[Crawled caption data]
[Start of Attachment]
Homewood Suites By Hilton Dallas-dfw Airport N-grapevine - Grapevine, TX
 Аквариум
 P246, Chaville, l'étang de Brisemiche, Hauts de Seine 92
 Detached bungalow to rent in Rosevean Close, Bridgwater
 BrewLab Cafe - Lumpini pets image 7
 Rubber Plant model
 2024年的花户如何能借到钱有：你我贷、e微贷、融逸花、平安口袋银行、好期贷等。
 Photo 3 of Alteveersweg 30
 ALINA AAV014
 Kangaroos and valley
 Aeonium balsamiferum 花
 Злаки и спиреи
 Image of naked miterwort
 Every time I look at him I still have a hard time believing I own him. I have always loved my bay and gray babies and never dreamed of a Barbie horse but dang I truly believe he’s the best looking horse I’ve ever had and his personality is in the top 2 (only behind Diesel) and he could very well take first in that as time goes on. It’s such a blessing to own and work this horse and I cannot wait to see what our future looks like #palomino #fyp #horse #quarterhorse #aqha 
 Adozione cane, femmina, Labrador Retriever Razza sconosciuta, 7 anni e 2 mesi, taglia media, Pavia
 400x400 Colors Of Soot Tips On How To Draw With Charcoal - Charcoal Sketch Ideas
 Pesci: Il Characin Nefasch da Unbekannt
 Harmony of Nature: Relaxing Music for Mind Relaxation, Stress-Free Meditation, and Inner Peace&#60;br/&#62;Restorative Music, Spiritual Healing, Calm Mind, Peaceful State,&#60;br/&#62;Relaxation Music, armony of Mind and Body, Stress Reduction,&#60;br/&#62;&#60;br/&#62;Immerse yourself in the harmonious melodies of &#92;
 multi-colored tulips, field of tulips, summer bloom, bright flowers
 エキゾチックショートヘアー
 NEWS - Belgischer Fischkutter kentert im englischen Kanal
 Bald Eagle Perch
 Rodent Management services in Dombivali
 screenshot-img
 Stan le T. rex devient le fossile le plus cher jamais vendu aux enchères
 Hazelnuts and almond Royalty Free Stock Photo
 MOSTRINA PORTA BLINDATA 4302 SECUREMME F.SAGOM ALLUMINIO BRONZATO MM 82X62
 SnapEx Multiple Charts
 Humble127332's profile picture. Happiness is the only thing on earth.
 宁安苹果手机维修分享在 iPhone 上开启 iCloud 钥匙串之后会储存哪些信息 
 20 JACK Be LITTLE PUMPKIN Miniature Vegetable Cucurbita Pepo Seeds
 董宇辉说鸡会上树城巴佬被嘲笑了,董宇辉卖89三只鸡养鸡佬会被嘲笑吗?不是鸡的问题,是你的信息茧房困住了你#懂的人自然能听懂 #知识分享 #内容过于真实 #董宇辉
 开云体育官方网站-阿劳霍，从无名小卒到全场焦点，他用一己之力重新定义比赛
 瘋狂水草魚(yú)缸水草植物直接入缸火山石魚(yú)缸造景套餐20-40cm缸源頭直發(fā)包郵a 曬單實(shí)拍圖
[End of Attachment]
All records shown above need to be written out again verbatim.

Homewood Suites By Hilton Dallas-dfw Airport N-grapevine - Grapevine, TX
 Аквариум
 P246, Chaville, l'étang de Brisemiche, Hauts de Seine 92
 Detached bungalow to rent in Rosevean Close, Bridgwater
 BrewLab Cafe - Lumpini pets image 7
 Rubber Plant model
 2024年的花户如何能借到钱有：你我贷、e微贷、融逸花、平安口袋银行、好期贷等。
 Photo 3 of Alteveersweg 30
 ALINA AAV014
 Kangaroos and valley
 Aeonium balsamiferum 花
 Злаки и спиреи
 Image of naked miterwort
 Every time I look at him I still have a hard time believing I own him. I have always loved my bay and gray babies and never dreamed of a Barbie horse but dang I truly believe he’s the best looking horse I’ve ever had and his personality is in the top 2 (only behind Diesel) and he could very well take first in that as time goes on. It’s such a blessing to own and work this horse and I cannot wait to see what our future looks like #palomino #fyp #horse #quarterhorse #aqha 
 Adozione cane, femmina, Labrador Retriever Razza sconosciuta, 7 anni e 2 mesi, taglia media, Pavia
 400x400 Colors Of Soot Tips On How To Draw With Charcoal - Charcoal Sketch Ideas
 Pesci: Il Characin Nefasch da Unbekannt
 Harmony of Nature: Relaxing Music for Mind Relaxation, Stress-Free Meditation, and Inner Peace&#60;br/&#62;Restorative Music, Spiritual Healing, Calm Mind, Peaceful State,&#60;br/&#62;Relaxation Music, armony of Mind and Body, Stress Reduction,&#60;br/&#62;&#60;br/&#62;Immerse yourself in the harmonious melodies of &#92;
 multi-colored tulips, field of tulips, summer bloom, bright flowers
 エキゾチックショートヘアー
 NEWS - Belgischer Fischkutter kentert im englischen Kanal
 Bald Eagle Perch
 Rodent Management services in Dombivali
 screenshot-img
 Stan le T. rex devient le fossile le plus cher jamais vendu aux enchères
 Hazelnuts and almond Royalty Free Stock Photo
 MOSTRINA PORTA BLINDATA 4302 SECUREMME F.SAGOM ALLUMINIO BRONZATO MM 82X62
 SnapEx Multiple Charts
 Humble127332's profile picture. Happiness is the only thing on earth.
 宁安苹果手机维修分享在 iPhone 上开启 iCloud 钥匙串之后会储存哪些信息 
 20 JACK Be LITTLE PUMPKIN Miniature Vegetable Cucurbita Pepo Seeds
 董宇辉说鸡会上树城巴佬被嘲笑了,董宇辉卖89三只鸡养鸡佬会被嘲笑吗?不是鸡的问题,是你的信息茧房困住了你#懂的人自然能听懂 #知识分享 #内容过于真实 #董宇辉
 开云体育官方网站-阿劳霍，从无名小卒到全场焦点，他用一己之力重新定义比赛
 瘋狂水草魚(yú)缸水草植物直接入缸火山石魚(yú)缸造景套餐20-40cm缸源頭直發(fā)包郵a 曬單實(shí)拍圖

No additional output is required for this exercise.